3. Das Landesarbeitsgericht hat weiter zutreffend entschieden, dass die Beklagte weder eine gemeinsame Einrichtung der Tarifvertragsparteien noch eine Sozialeinrichtung des privaten Rechts (§ 2 Abs. 1 Nr. 4 Buchst. b ArbGG) ist.
a) Konstituierend für eine gemeinsame Einrichtung ist das unmittelbare Kontroll- und Weisungsrecht beider Tarifvertragsparteien (BAG 25. Januar 1989 – 5 AZR 43/88 – BAGE 61, 29, 36 f.; vgl. auch 28. April 1981 – 3 AZR 255/80 – BAGE 35, 221, 227; ErfK/Schaub § 4 TVG Rn. 40 f.; Däubler/Hensche TVG § 1 Rn. 938). Entgegen der Auffassung des Klägers ist nicht maßgebend, dass die Einrichtung Leistungen auf Grund von Tarifverträgen erbringt und die Tarifpartner somit Leistungsvoraussetzungen und Leistungsumfang gemeinsam bestimmen. Vielmehr kommt es auf die Organisation der Einrichtung als solche an. Das Landesarbeitsgericht hat anhand des Statuts der Beklagten im Einzelnen überzeugend dargelegt, dass bei der Beklagten von einer paritätischen Vertretung der Tarifvertragsparteien in diesem Sinne keine Rede sein kann. Hiergegen hat die Rechtsbeschwerde nichts weiter vorgebracht.
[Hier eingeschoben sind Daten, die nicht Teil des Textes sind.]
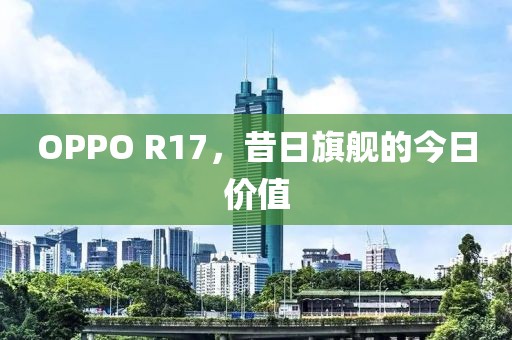 OPPO R17，昔日旗舰的今日价值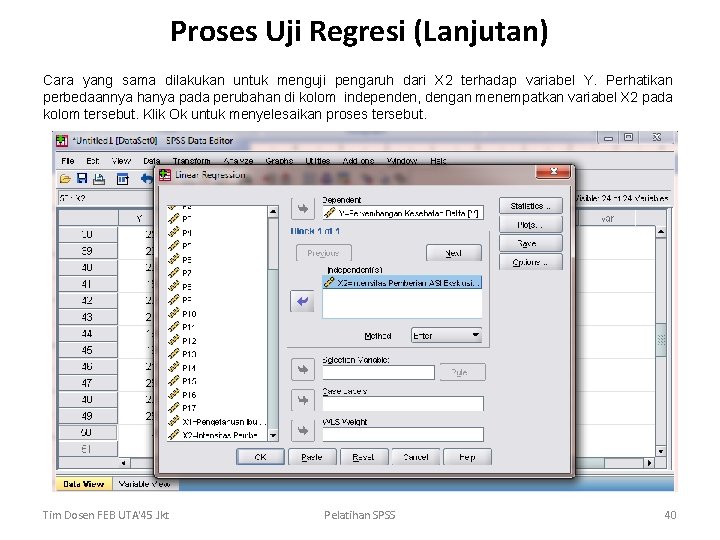 Proses Uji Regresi (Lanjutan) Cara yang sama dilakukan untuk menguji pengaruh dari X 2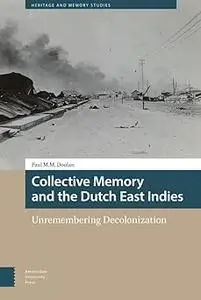 Collective Memory and the Dutch East Indies: Unremembering Decolonization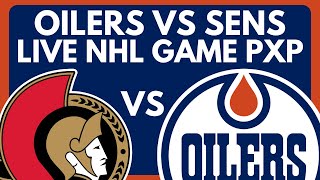 EDMONTON OILERS VS OTTAWA SENATORS LIVE GAME STREAM  Oilers vs Sens Live NHL PlayByPlay [upl. by Midge]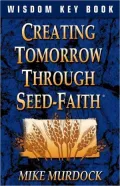Creating Tomorrow Through Seed-Faith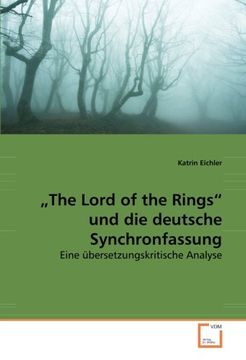 portada The Lord of the Rings" und die deutsche Synchronfassung: Eine übersetzungskritische Analyse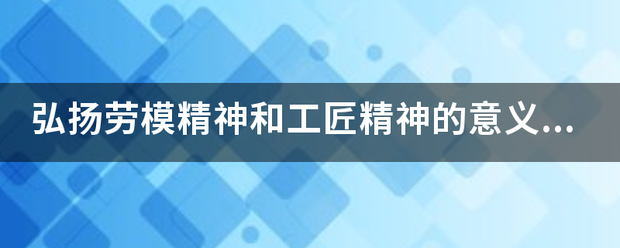 弘扬劳模精神和工匠精神的意义体现在哪几个方面（多选）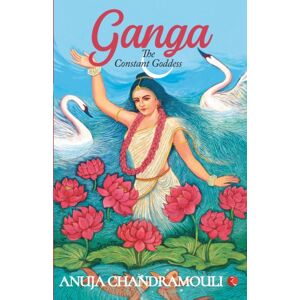 Rupa Publications India Pvt. Ltd Ganga : The Constant Goddess Rupa Publications India Pvt. Ltd Ganga : The Constant Goddess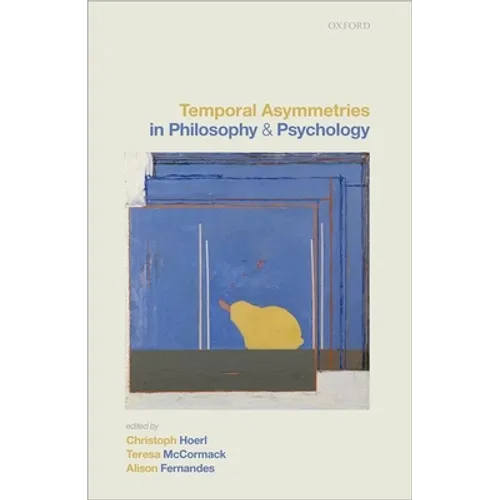 Temporal Asymmetries in Philosophy and Psychology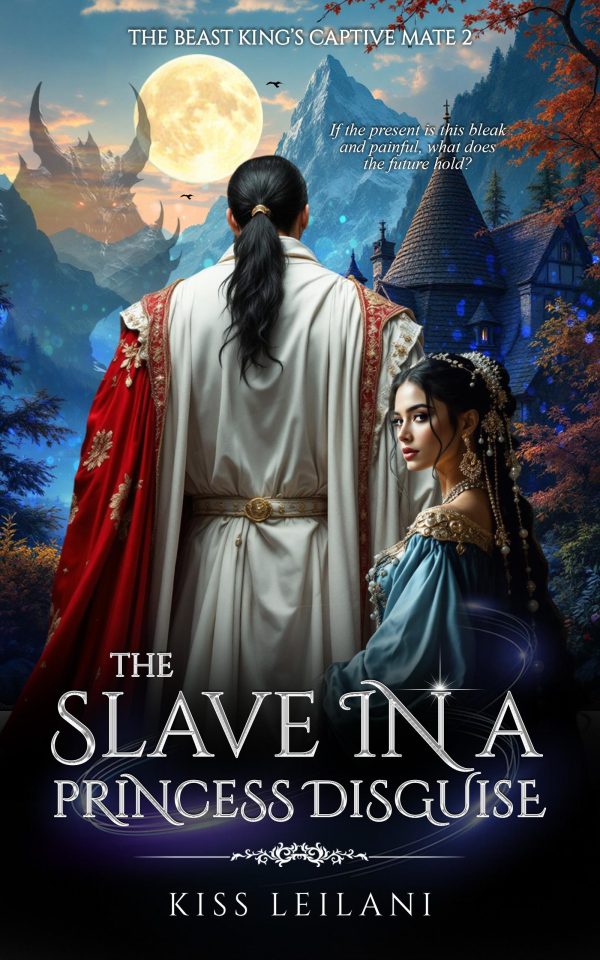 THE SLAVE IN A PRINCESS DISGUISE : A Dark Romance Fantasy | The Beast King’s Captive Mate Book 2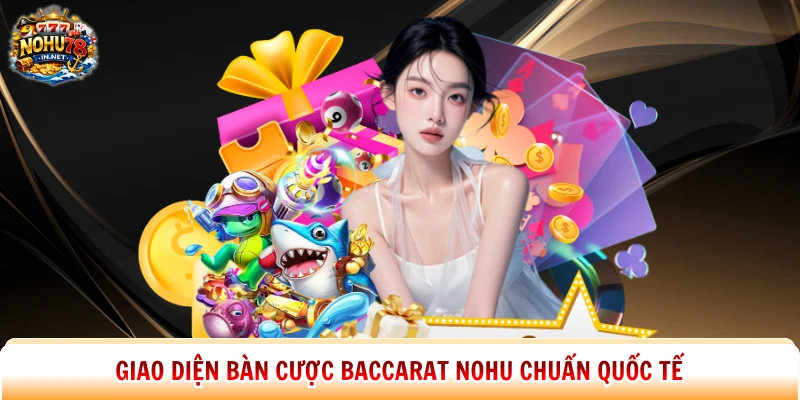 Giao diện bàn cược Baccarat Nohu chuẩn quốc tế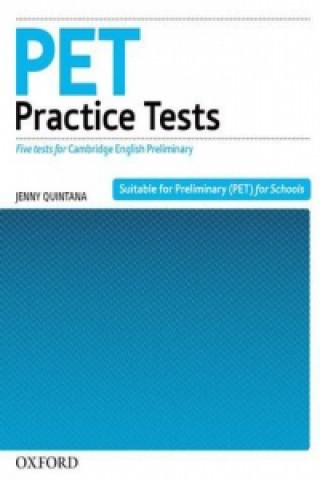Knjiga PET Practice Tests:: Practice Tests Without Key Jenny Quintana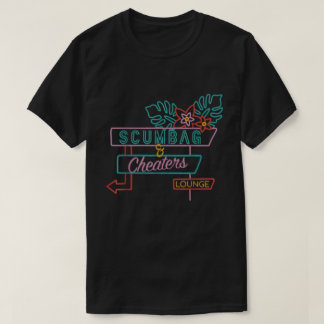 Camiseta Scumbag And Cheaters Vanderpump Rules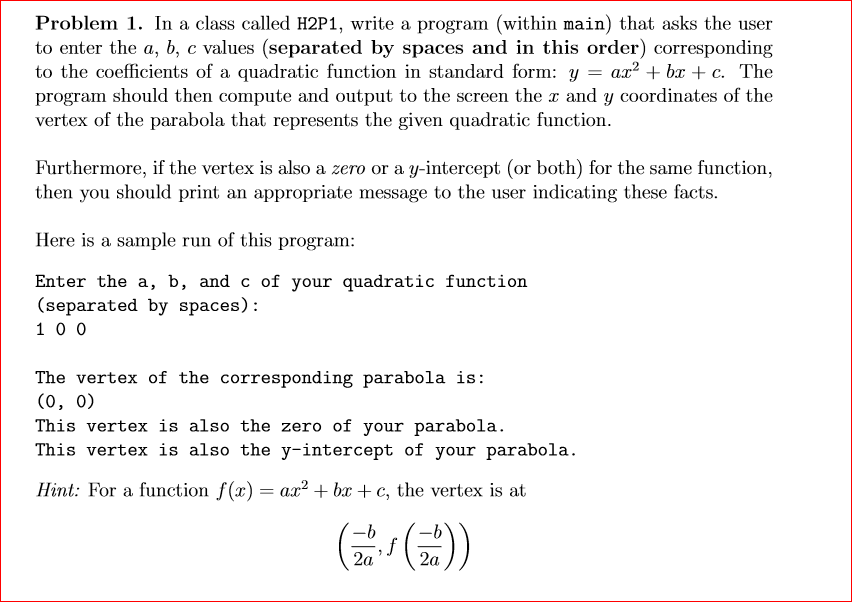 PLEASE USE JAVA! Problem 1. In a class called H2P1, write a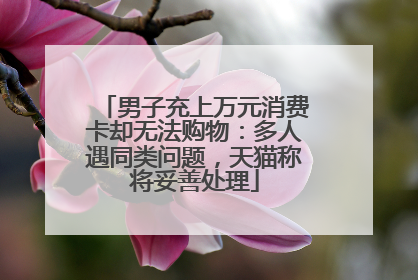 男子充上万元消费卡却无法购物：多人遇同类问题，天猫称将妥善处理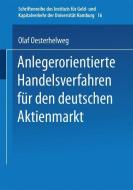 Anlegerorientierte Handelsverfahren für den deutschen Aktienmarkt di Olaf Oesterhelweg edito da Deutscher Universitätsvlg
b) Die Beklagte ist öffentlich-rechtlich organisiert. § 2 Abs. 1 Nr. 4 Buchst. b ArbGG stellt für die Zuständigkeit bewusst auf die Rechtsform der Einrichtung, nicht auf die Ausgestaltung des Benutzungsverhältnisses ab (BAG 28. April 1981 – 3 AZR 255/80 – BAGE 35, 221, 224 f.; Germelmann/Matthes/Prütting/Müller-Glöge ArbGG § 2 Rn. 93 mwN). Deshalb sind für die betriebliche Altersversorgung im öffentlichen Dienst die ordentlichen Gerichte zuständig, wenn die Versorgungsleistungen durch eine Anstalt oder Körperschaft des öffentlichen Rechts nach privatrechtlichen Grundsätzen gewährt werden.
III. Der Kläger hat gemäß § 97 Abs. 1 ZPO die Kosten seiner erfolglosen Rechtsbeschwerde zu tragen.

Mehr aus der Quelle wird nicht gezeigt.